Captioned web image data
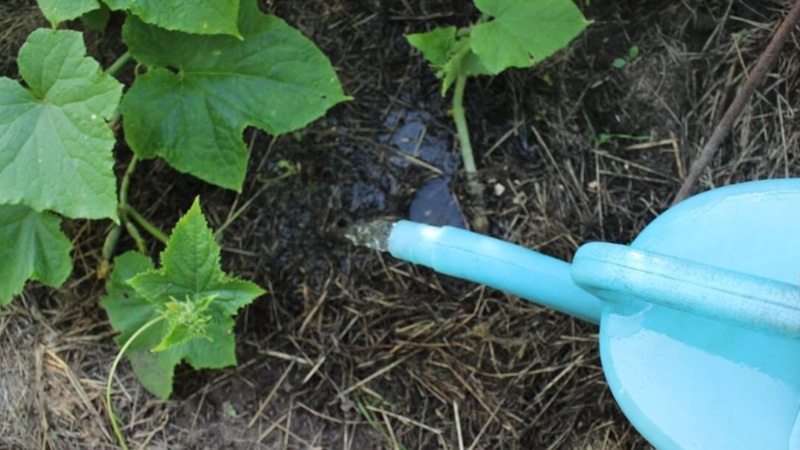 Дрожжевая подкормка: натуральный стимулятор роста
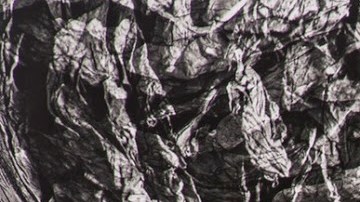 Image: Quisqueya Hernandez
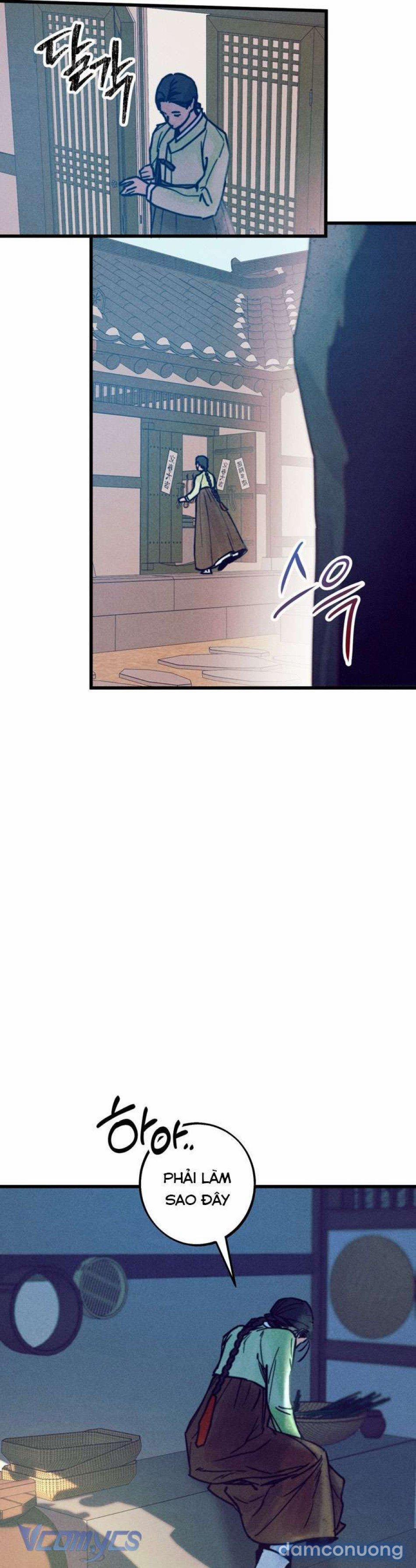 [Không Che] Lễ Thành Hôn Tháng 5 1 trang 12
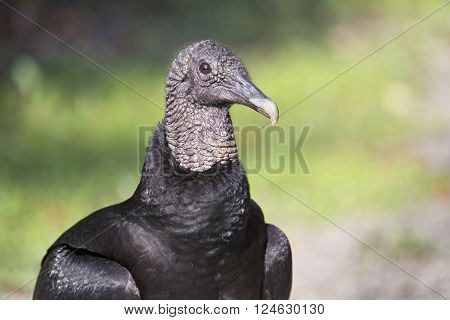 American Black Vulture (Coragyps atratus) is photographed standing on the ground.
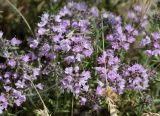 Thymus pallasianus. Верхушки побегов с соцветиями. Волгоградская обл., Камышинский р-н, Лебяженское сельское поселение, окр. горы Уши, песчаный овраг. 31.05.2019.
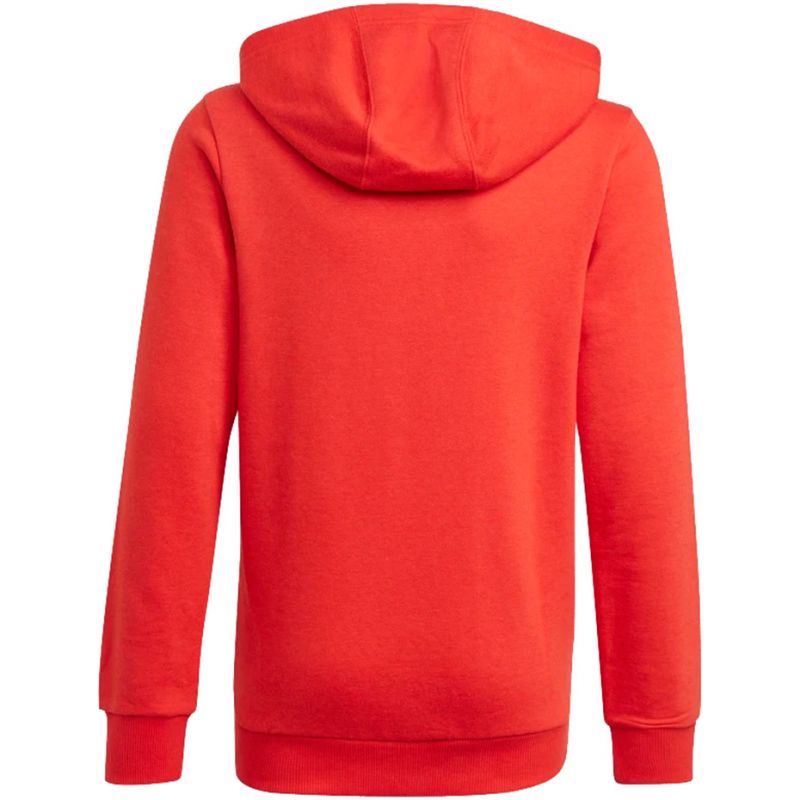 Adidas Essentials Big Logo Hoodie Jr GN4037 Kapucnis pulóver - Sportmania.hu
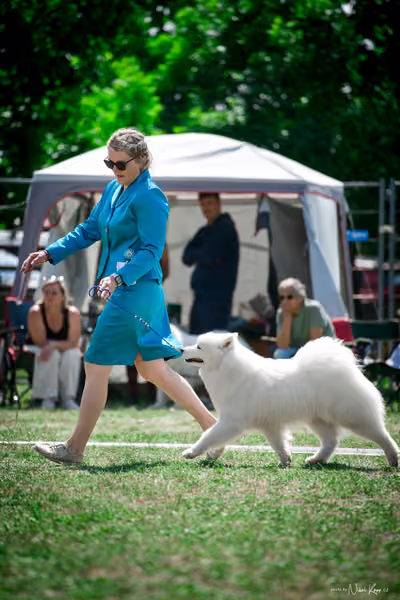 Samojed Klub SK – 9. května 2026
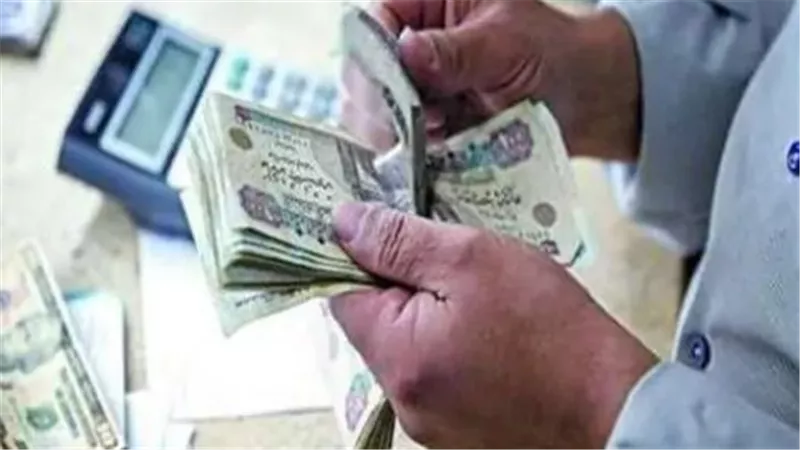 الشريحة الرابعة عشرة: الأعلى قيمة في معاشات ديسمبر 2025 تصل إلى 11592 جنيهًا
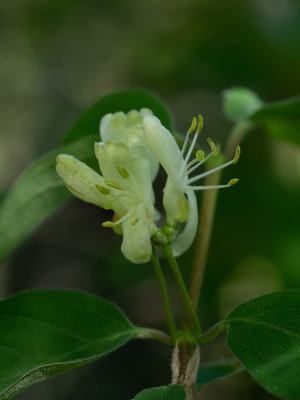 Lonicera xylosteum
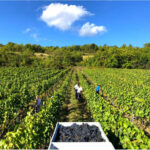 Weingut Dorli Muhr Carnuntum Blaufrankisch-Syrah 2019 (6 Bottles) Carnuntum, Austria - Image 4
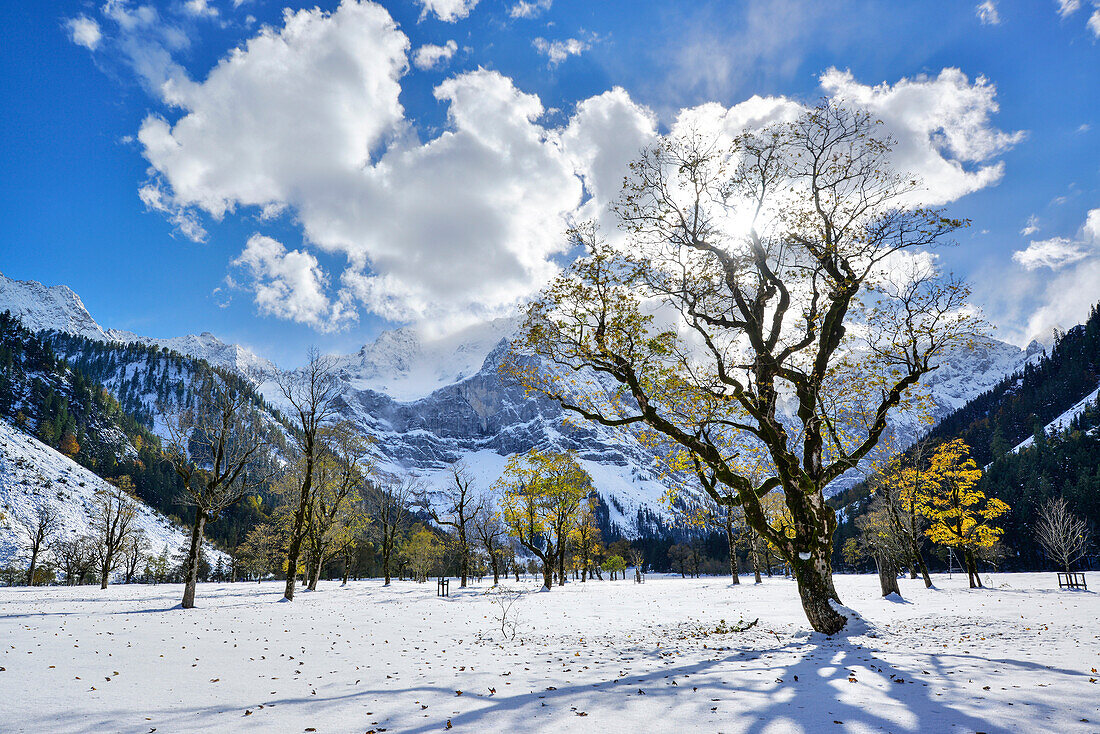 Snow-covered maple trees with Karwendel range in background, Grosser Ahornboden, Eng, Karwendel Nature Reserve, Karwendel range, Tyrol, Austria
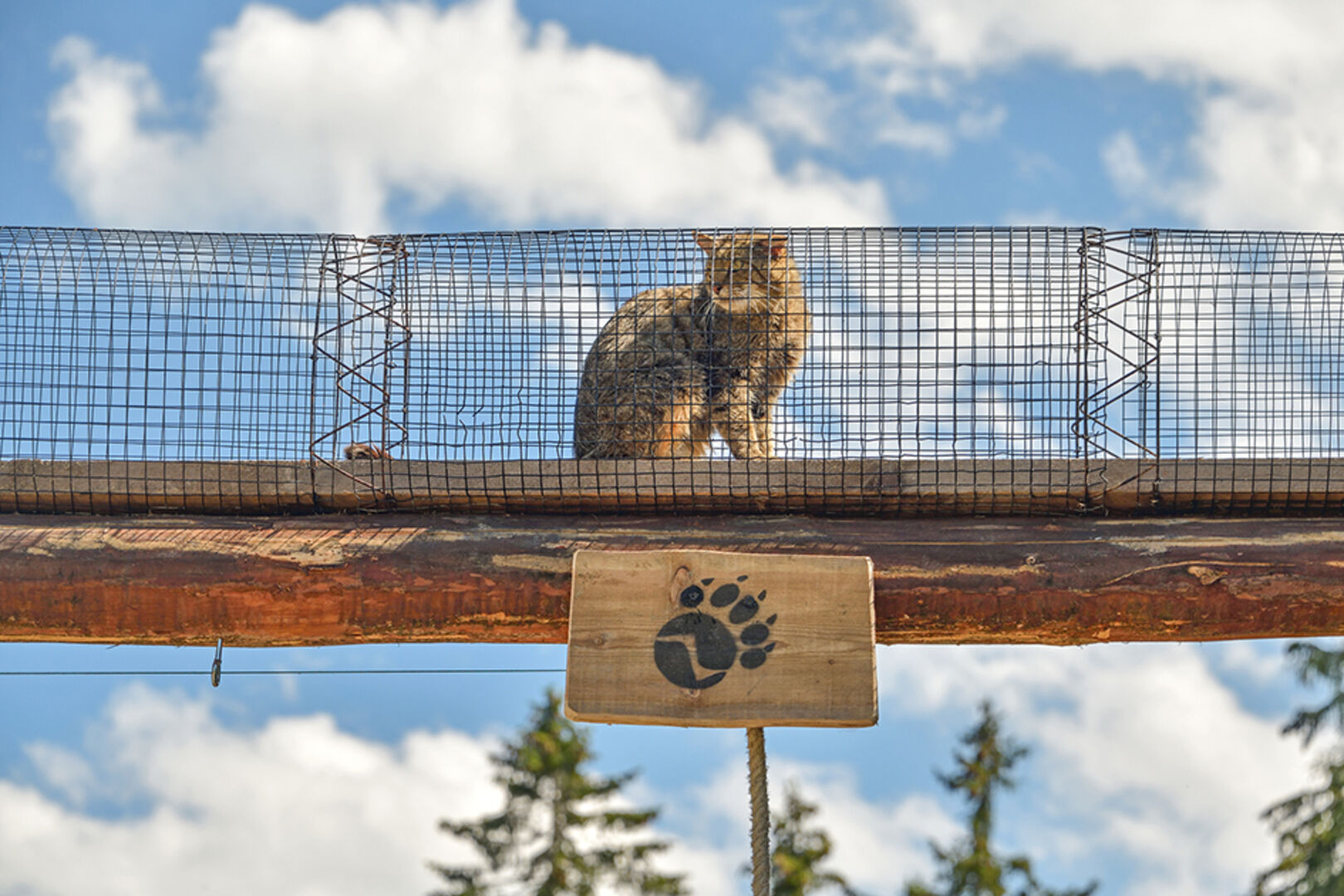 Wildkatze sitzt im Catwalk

PROBLEM REQUIREMENTS:
Skip every picture and return the lines above from the top through the one that contains "Snow-covered maple trees".

TASK RESPONSE:
 Дрожжевая подкормка: натуральный стимулятор роста
 Image: Quisqueya Hernandez
 [Không Che] Lễ Thành Hôn Tháng 5 1 trang 12
 American Black Vulture (Coragyps atratus) is photographed standing on the ground.
 Thymus pallasianus. Верхушки побегов с соцветиями. Волгоградская обл., Камышинский р-н, Лебяженское сельское поселение, окр. горы Уши, песчаный овраг. 31.05.2019.
 Adidas Essentials Big Logo Hoodie Jr GN4037 Kapucnis pulóver - Sportmania.hu
 Samojed Klub SK – 9. května 2026
 الشريحة الرابعة عشرة: الأعلى قيمة في معاشات ديسمبر 2025 تصل إلى 11592 جنيهًا
 Lonicera xylosteum
 Weingut Dorli Muhr Carnuntum Blaufrankisch-Syrah 2019 (6 Bottles) Carnuntum, Austria - Image 4
 Snow-covered maple trees with Karwendel range in background, Grosser Ahornboden, Eng, Karwendel Nature Reserve, Karwendel range, Tyrol, Austria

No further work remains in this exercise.